AIM OF THE TASK
Copy the records below exactly, starting at the line that contains "Those four new" and ending at the line that contains "Now, let me"; leave out any pictures.

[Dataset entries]
▶

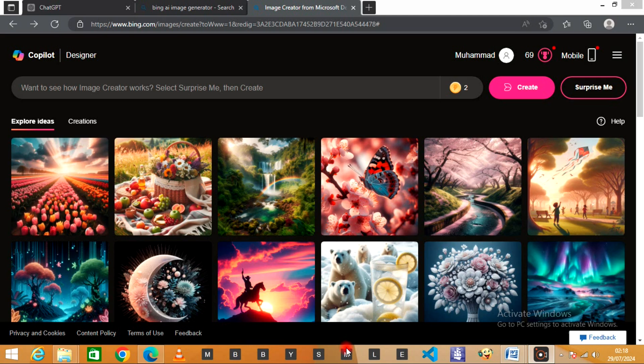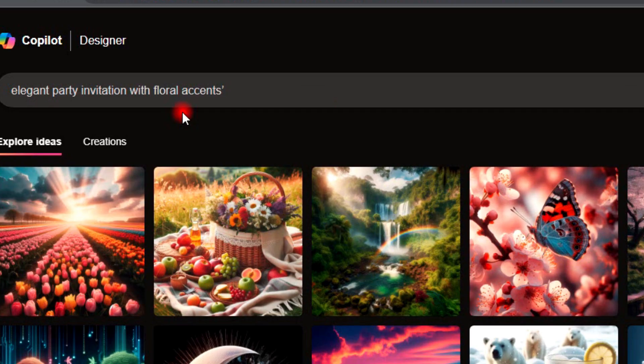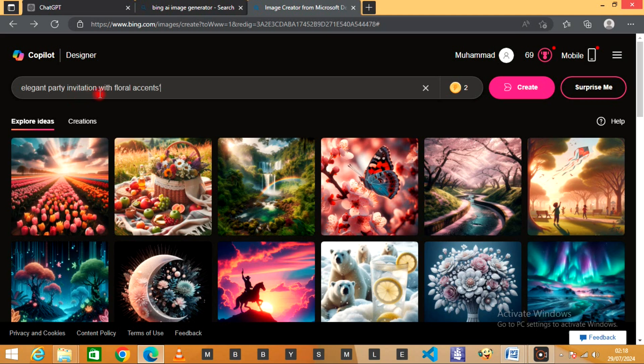Decide on a theme for your party, such as Elegant Evening, Tropical Luau, or Retro Disco. Input this theme into the AI tool. Create several invitation designs by using prompts like 'Elegant Party Invitation with Floral Accents' or 'Tropical-Themed Invitation with Vibrant Colors.'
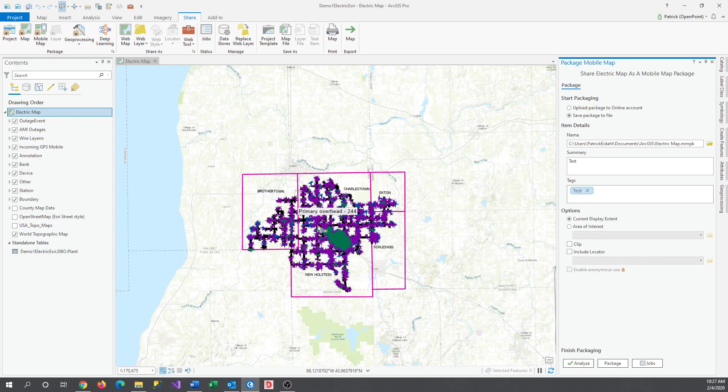As you can see, we have a few other options as well, such as displaying an area of interest as your extent, or including a locator. Go ahead and click Analyze when you're ready.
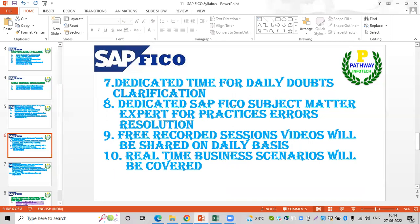There will be a dedicated SAP FICO subject matter expert available for practice and error resolution. A coordinator will be assigned to guide you. Each and every session will be recorded and the recorded session links will be shared so you can download and refer to them. Real-time business scenarios will also be covered in class.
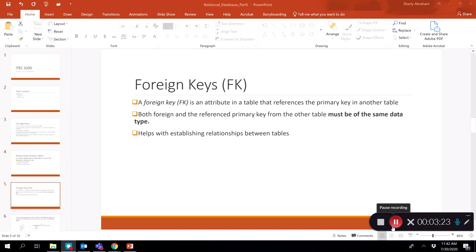A foreign key is an attribute in a table that references the primary key in another table. We use foreign keys to connect and link two tables together. Both the foreign key and the referenced primary key must be of the same data type, because the foreign key is essentially a copy of the primary key from the other table. Foreign keys help establish relationships between tables.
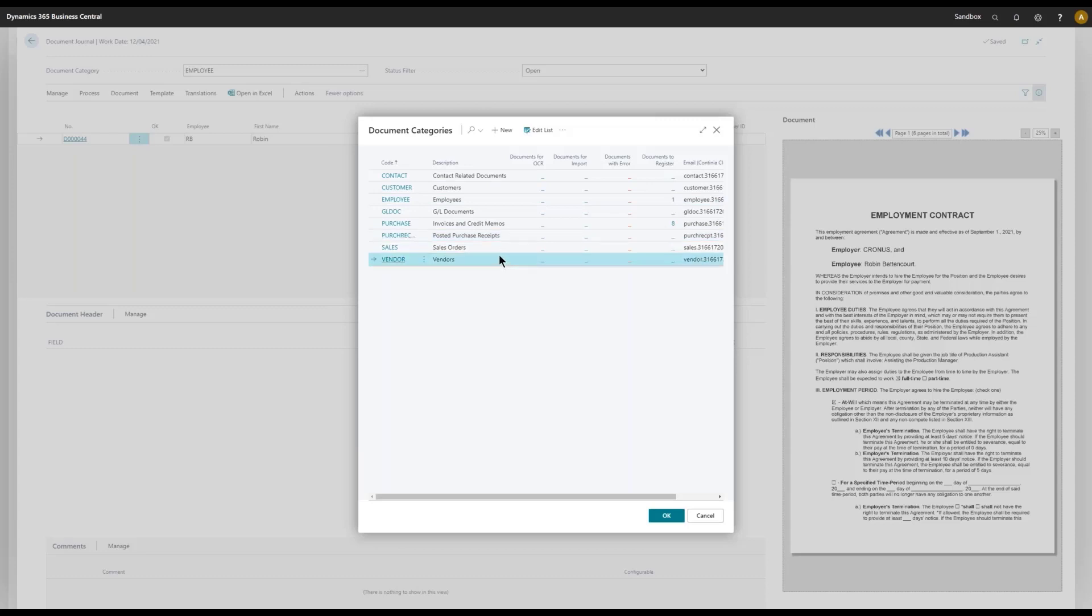Those four new categories are added in order for you to attach documents to those lists, those cards, around in the Business Central Standard Application.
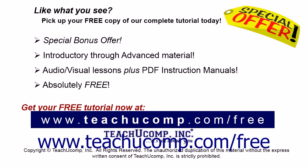Like what you see? Pick up your free copy of the complete tutorial at www.teachyoucomp.com forward slash free.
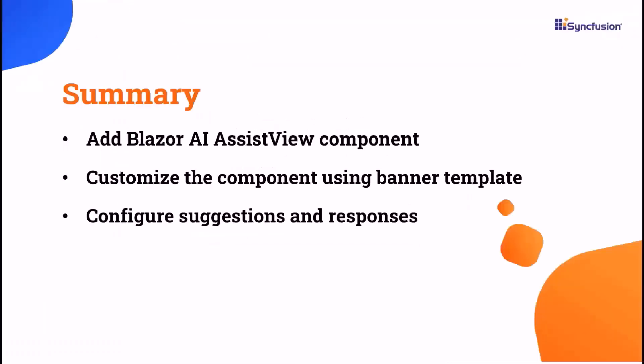Now, let me summarize. I showed you how to get started with the Syncfusion Blazor AI Assist View component. I also demonstrated how to use the banner template in the AI Assist View component as well as how to configure prompt suggestions and responses. If you want to see the working code of this example, you can download it from that GitHub link in the description below. I've also provided a link to see if you qualify for a free community license to use all our Blazor components. If you find this video useful, don't forget to click the like button and subscribe to our channel to watch more videos like this. Thanks for watching.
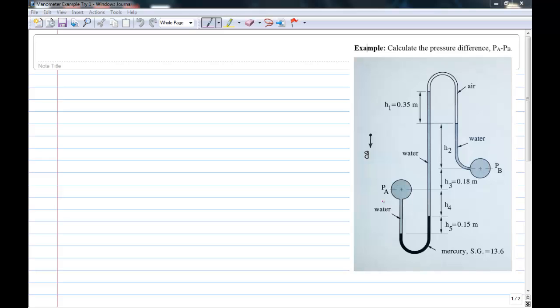What we have here is a complex manometer system, more complex than you'll probably encounter in practice, but if you can solve this level of complexity then you definitely understand manometers. We have two pipes, PA and PB, and we're trying to calculate the difference PA minus PB.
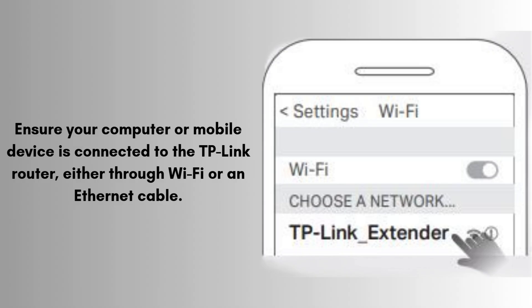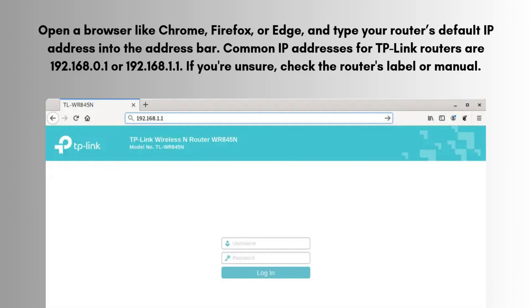Ensure your computer or mobile device is connected to the TP-Link router, either through Wi-Fi or an Ethernet cable. Open a browser like Chrome, Firefox, or Edge, and type your router's default IP address into the address bar. Common IP addresses for TP-Link routers are 192.168.0.1 or 192.168.1.1. If you're unsure, check the router's label or manual.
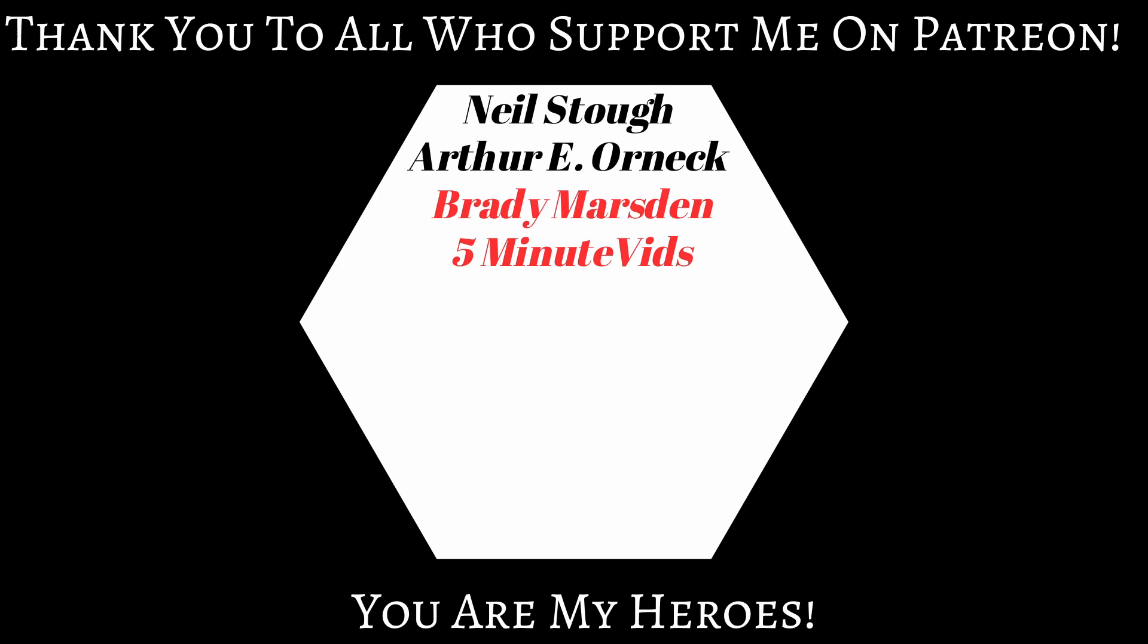And that gives me a perfect segue to say thank you to Brady Marsden and 5 Minute Vids. Your support has a direct impact on the quality of content that I can produce and how often I can produce it. Seriously thank you so much for joining my patreon and supporting the channel. Alright now let's go print something.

◀

REPLY
Those four new categories are added in order for you to attach documents to those lists, those cards, around in the Business Central Standard Application.
Like what you see? Pick up your free copy of the complete tutorial at www.teachyoucomp.com forward slash free.
Now, let me summarize. I showed you how to get started with the Syncfusion Blazor AI Assist View component. I also demonstrated how to use the banner template in the AI Assist View component as well as how to configure prompt suggestions and responses. If you want to see the working code of this example, you can download it from that GitHub link in the description below. I've also provided a link to see if you qualify for a free community license to use all our Blazor components. If you find this video useful, don't forget to click the like button and subscribe to our channel to watch more videos like this. Thanks for watching.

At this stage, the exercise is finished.